Position management is one of the 3 required skills needed for covered call writing and put-selling. When share price gaps up or down there is a strong possibility that an exit strategy opportunity will present itself. There are times, however, when no action is the best action. On June 26th, 2017, Luis contacted me about Blackbaud, Inc. (BLKB) when it gapped down from nearly $90.00 to $85.60. This tends to create a sense of urgency in us to act quickly to mitigate losses. It is important to stick to our game plan so that we make non-emotional decisions based on sound fundamental, technical and common-sense principles.
Price chart of BLKB showing the gap-down (sent from Luis)
BLKB Price Chart Showing 6/27/2017 Gap-Down
What caused the gap-down?
We first check the news to see the etiology of the price decline.

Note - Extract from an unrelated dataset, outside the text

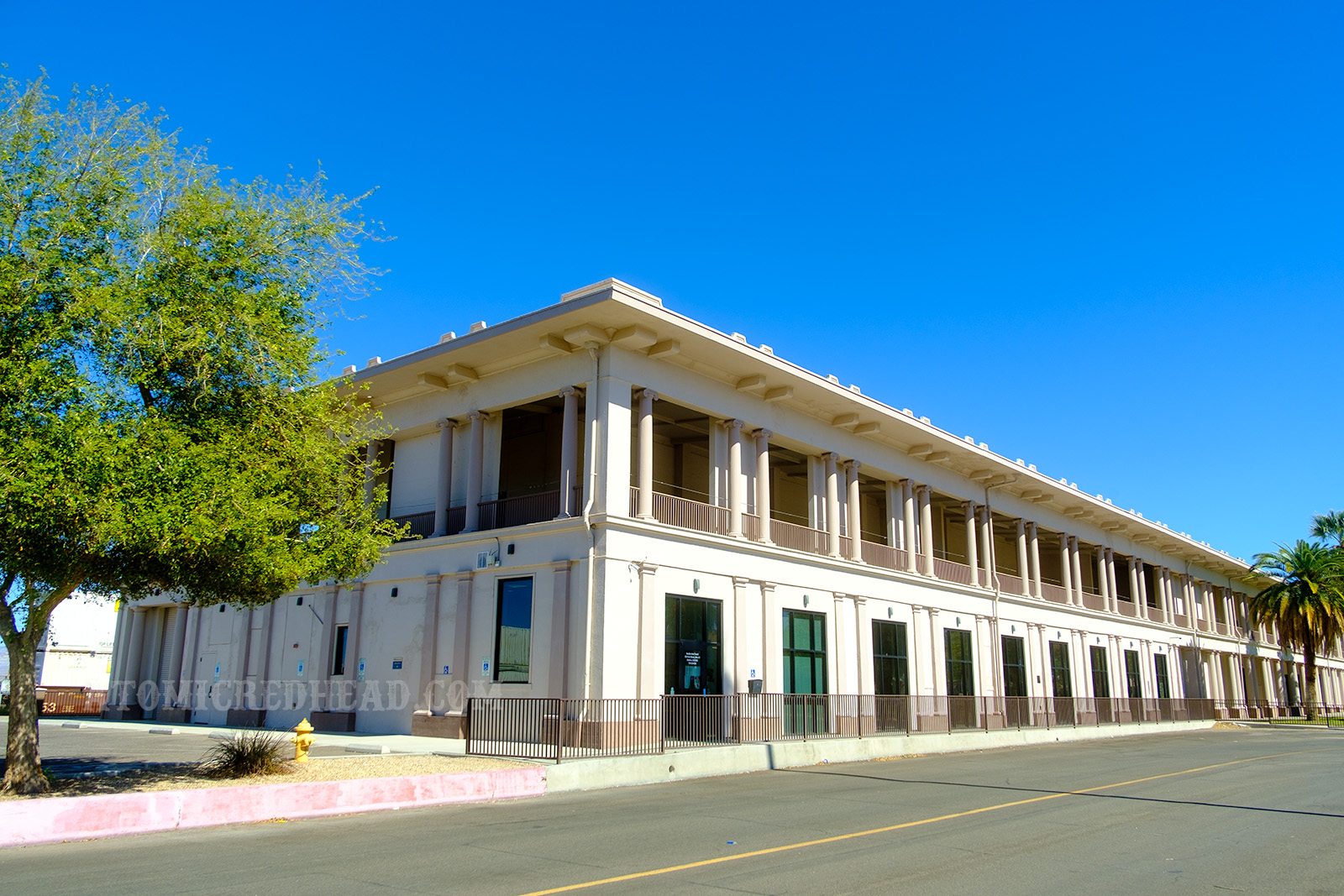 Exterior of the El Garces, a long two story building featuring pillars, and painted cream, with the pillars a light brown.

In June 2017, tech stocks were volatile and declining after a meteoric rise the previous few months. The news events also showed an acquisition by BLKB which just happened to be made public on June 26th:
Price chart of the $90.00 call option
So far there appears to be no reason to panic and act immediately. Remember, we always have our 20%/10% guidelines to guide us when to buy back our call options. let’s look at a price chart of the 1-month $90.00 call option to see how it was impacted after the news announcement:
The yellow field depicts a slight decline in option value on the 26th despite the price decline. Knowledge of the option Greeks may offer an explanation. Delta is the amount an option value will decline based on every $1 of share price decline. But option value only dropped by about $0.05. A major factor is that when price declines significantly, the implied volatility rises and this will enhance the value of the option. This is analogous to our study of the S&P 500 which is inversely related to the VIX. Based on this chart, the 20%/10% guidelines are not met.

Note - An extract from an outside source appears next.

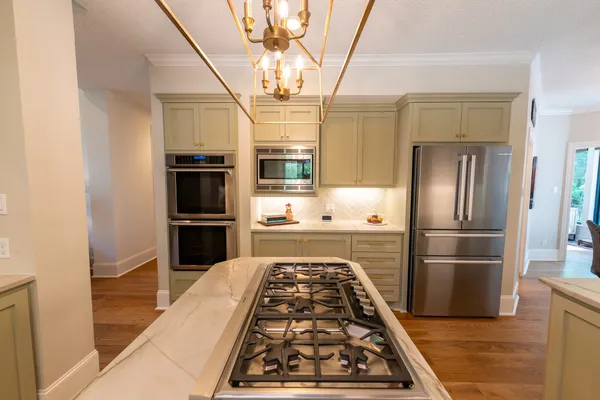 a kitchen with a stove a sink and wooden floor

Location in contract month
Another factor that dictates what, if any, action is required is the number of days remaining in the contract. After June 26th, there were still 19 trading days remaining until expiration of the July contracts leaving plenty of time for price recovery or appropriate use of our exit strategy arsenal.
Price movement by end of July 2017 contract
After the gap-down (blue line) the price fully recovered to $89.33 (red line) by the end of the July contracts. If the price continued to decline, the 20%/10% guidelines would have resulted in closing the short calls.
When there is a price gap-down in share value we must act or take no action based on a non-emotional analysis. This includes:
- Checking the news regarding the reason for the gap-down
- Analysis of option value in relationship to our 20%/10% guidelines
- Days remaining until contract expiration
Having a structured approach to investing will allow us to make our decisions without being influenced by two of our most egregious enemies: fear and greed.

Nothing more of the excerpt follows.